REQUIRED WORK. The lines to output run from the first line of the entries below through the line containing "Boonsboro Apartamento |"; copy them exactly and leave out pictures.

Segment Start: DATASET

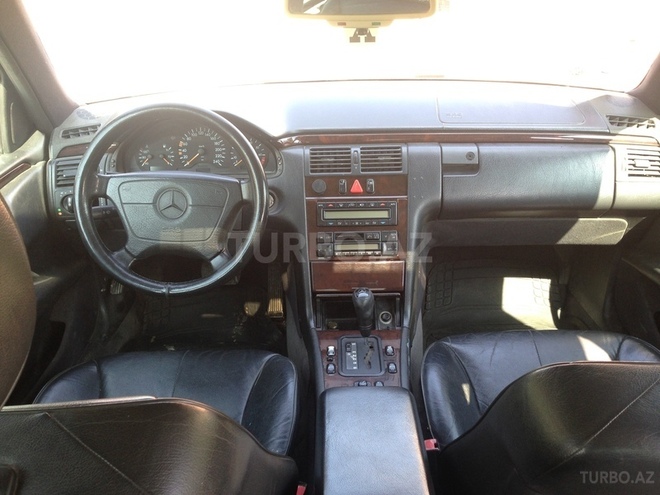 Mercedes E 200 1996, 265,000 km - 2.0 l - Bakı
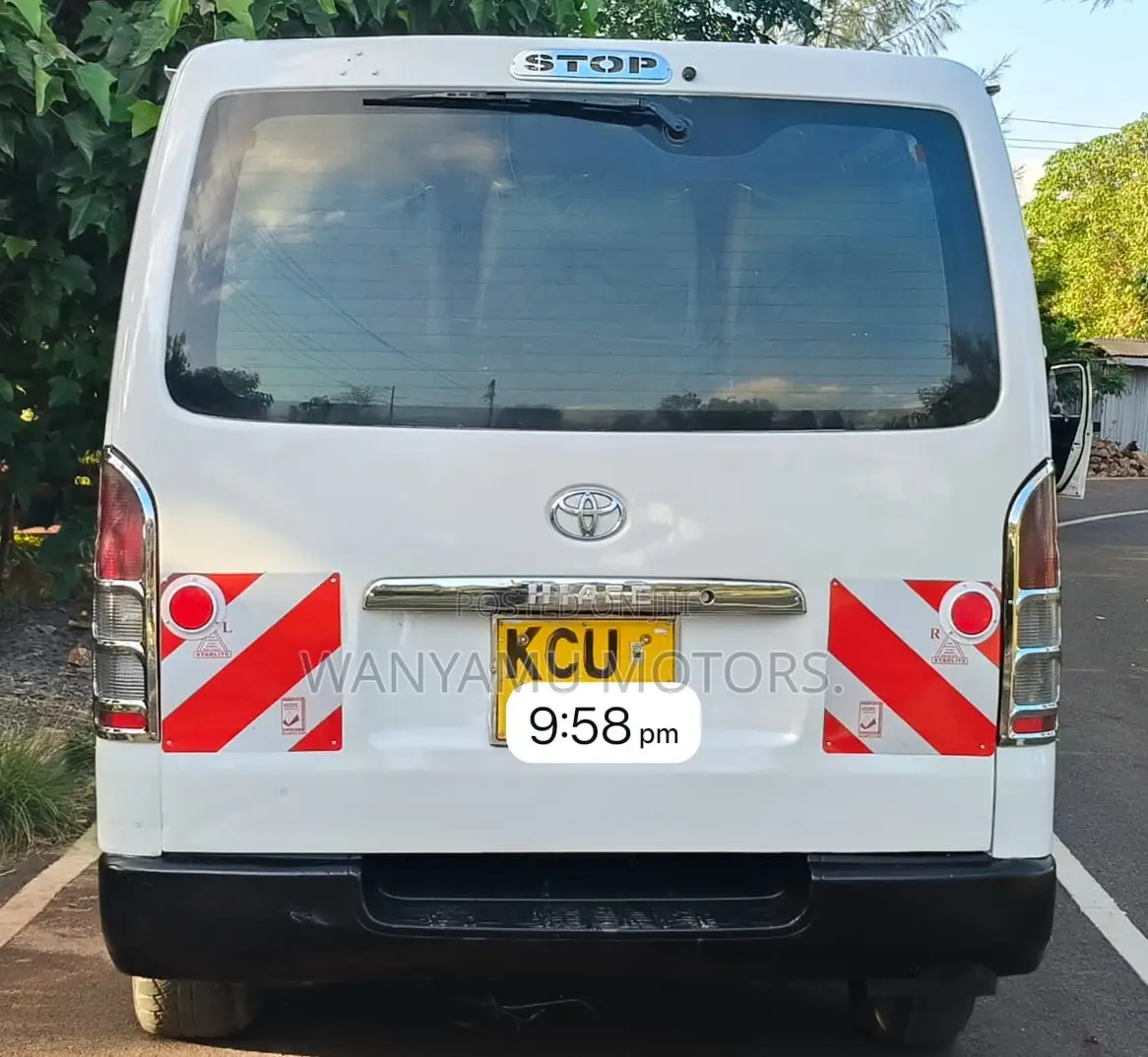Toyota HiAce 2013 White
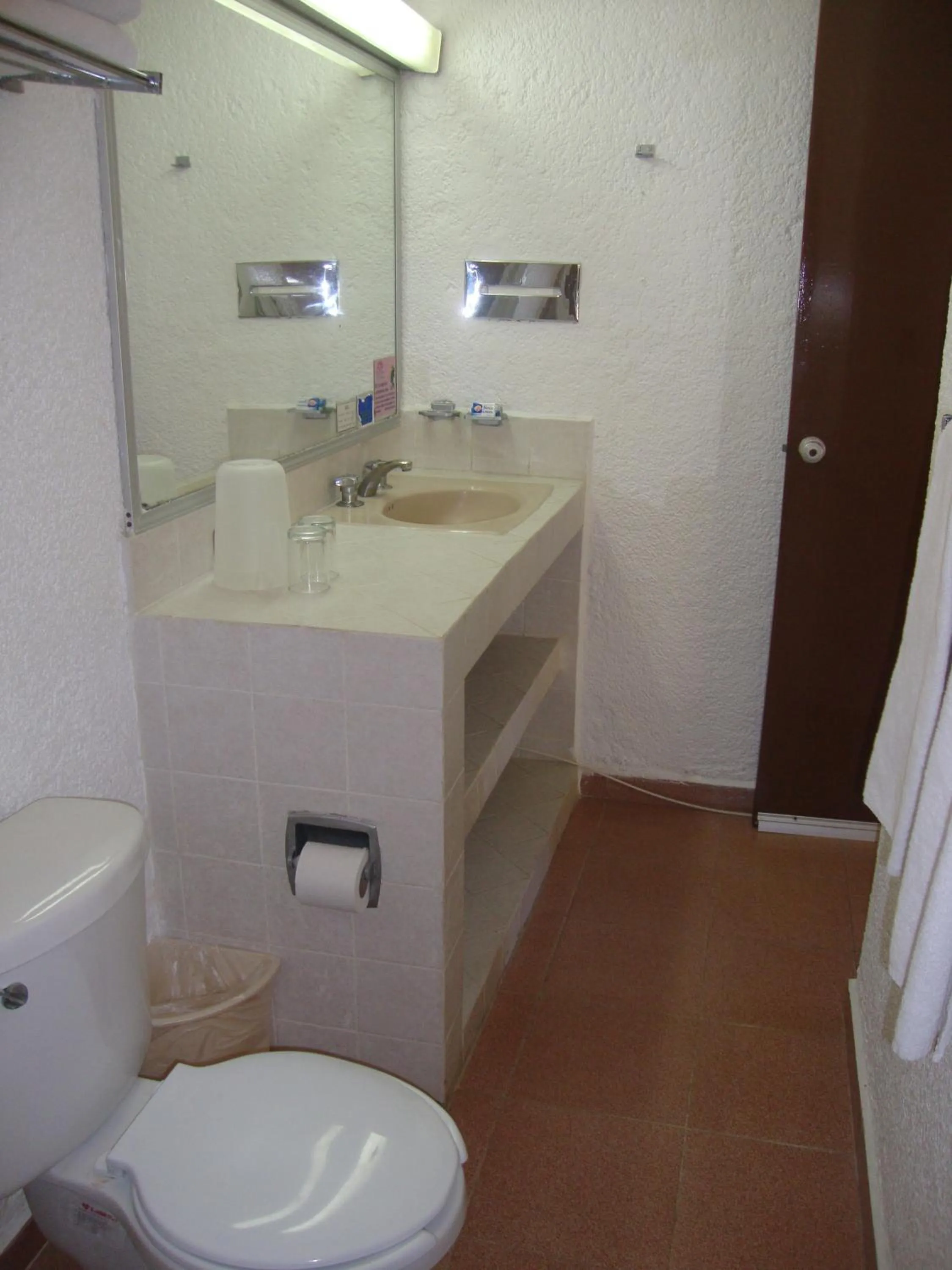 Bathroom in Sands Acapulco Hotel & Bungalows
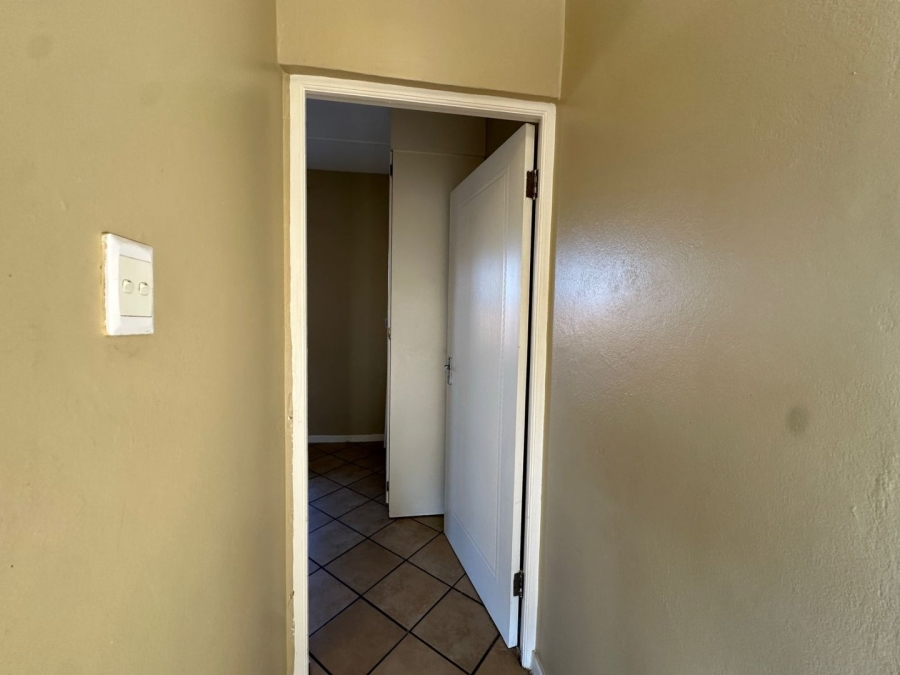 To Let 2 Bedroom Property for Rent in Florida Lake Gauteng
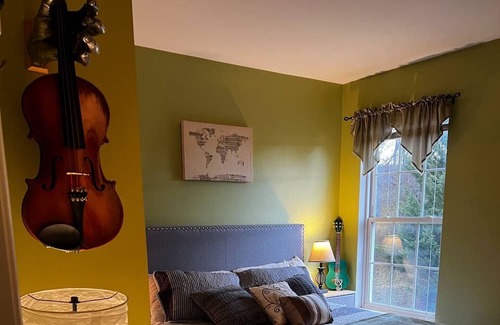 Boonsboro Apartamento | Strike Up The Band Suite @ Music House.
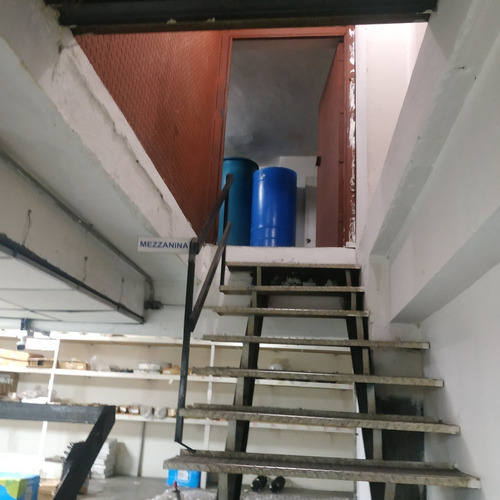 Imagen 15 de 26 de Excelente Local En Zona Muy Comercial Edificio Ormar , Área Total 296,07 M2, 2 Niveles, Planta Baja 157,46 M2 Y Mezzanina 138,61 M2, Sector Capuchino, Avenida San Martín, Caracas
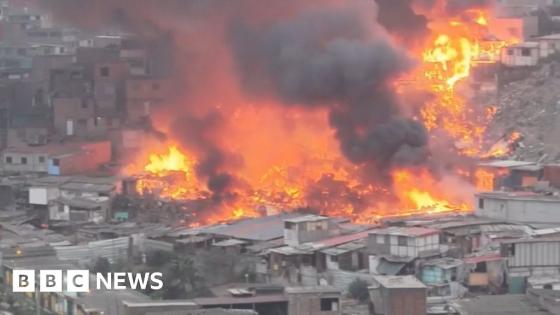 Drone captures huge fire engulfing homes in Peru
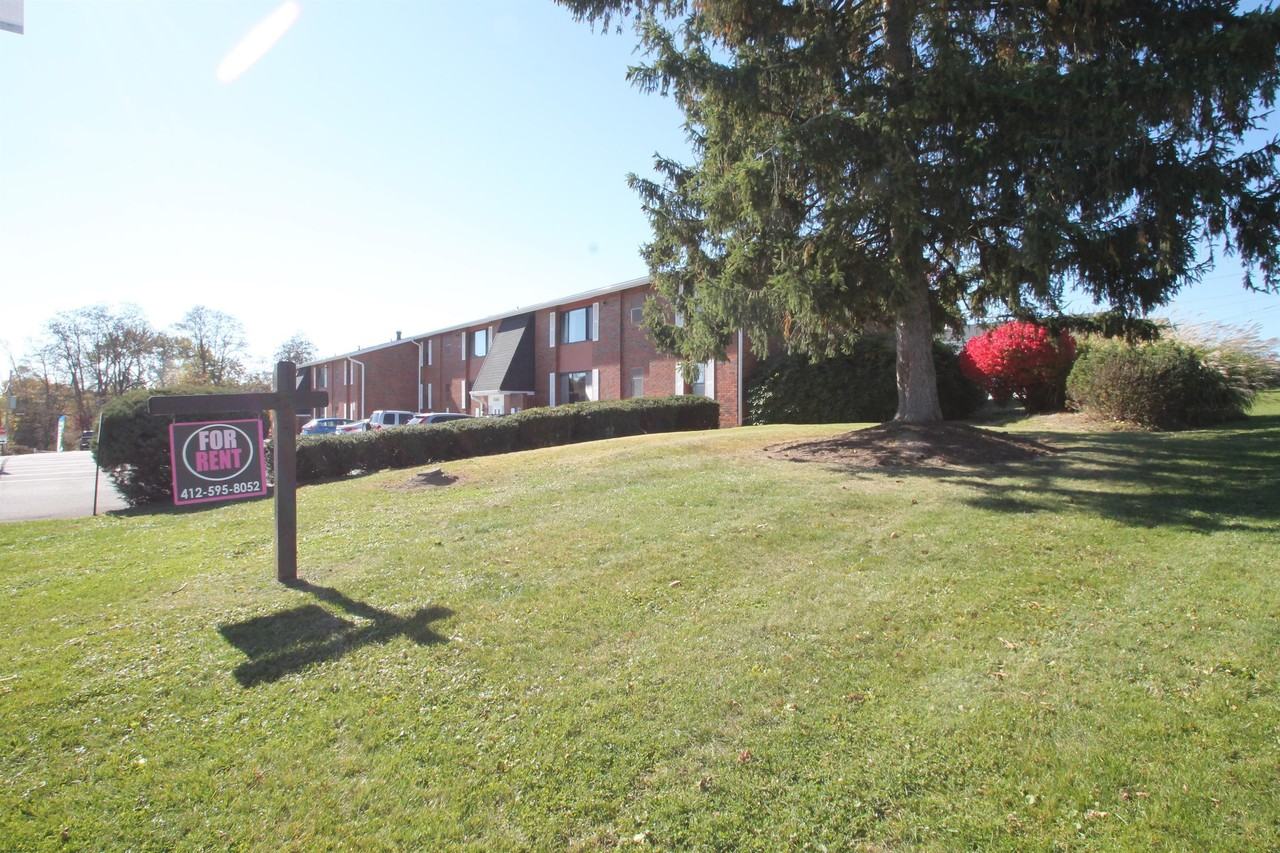 MAIN STREET - 5388/5398 -- 192 - Photo 5 of 13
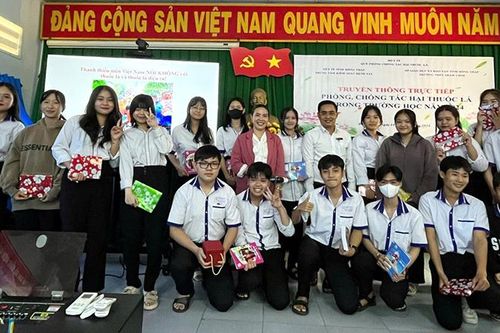 Thanh niên sống đẹp nói không với thuốc lá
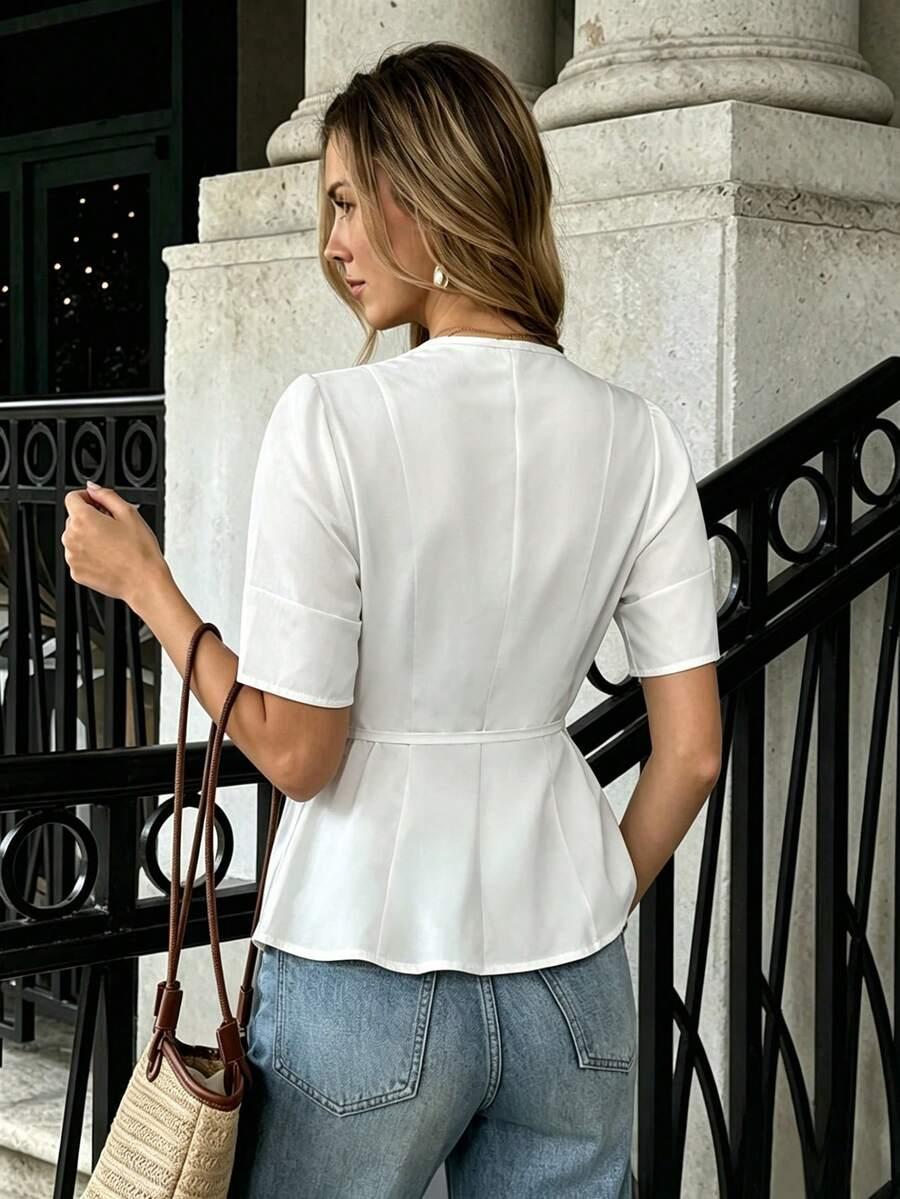 biała bluzka v neck guziki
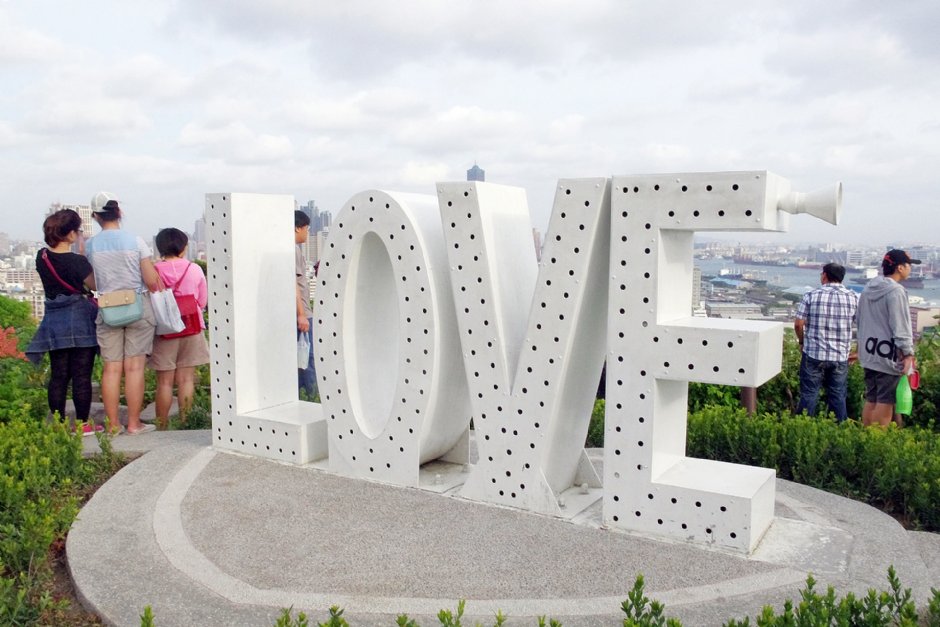 觀景台上的LOVE地標是熱門打卡點 攝影：Eva隨手拍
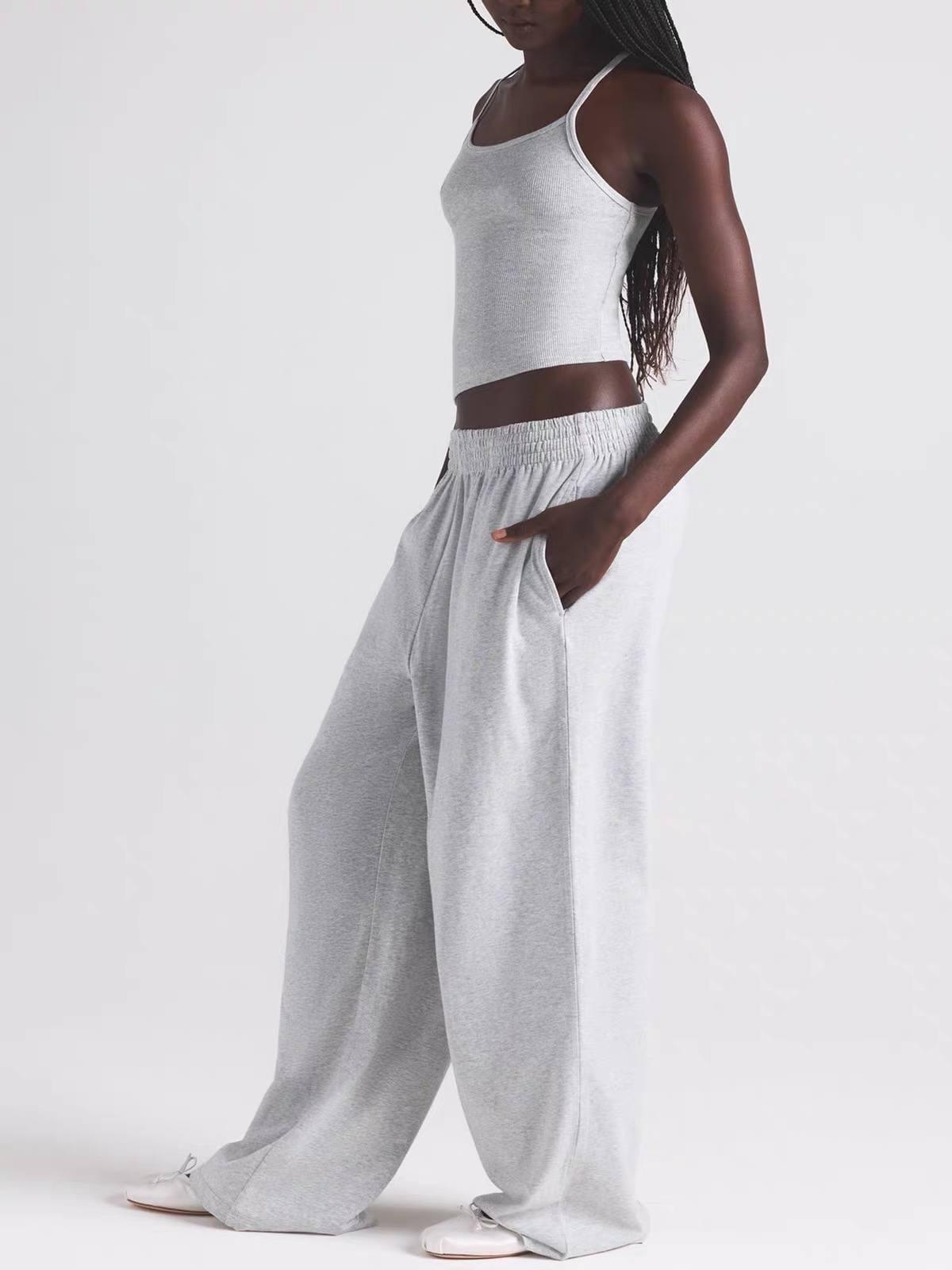 طقم Loungewear قطعتين ببنطال واسع وتوب مريح ناعم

Segment End: DATASET

SOLUTION TO THIS PROBLEM.
 Mercedes E 200 1996, 265,000 km - 2.0 l - Bakı
Toyota HiAce 2013 White
 Bathroom in Sands Acapulco Hotel & Bungalows
 To Let 2 Bedroom Property for Rent in Florida Lake Gauteng
 Boonsboro Apartamento | Strike Up The Band Suite @ Music House.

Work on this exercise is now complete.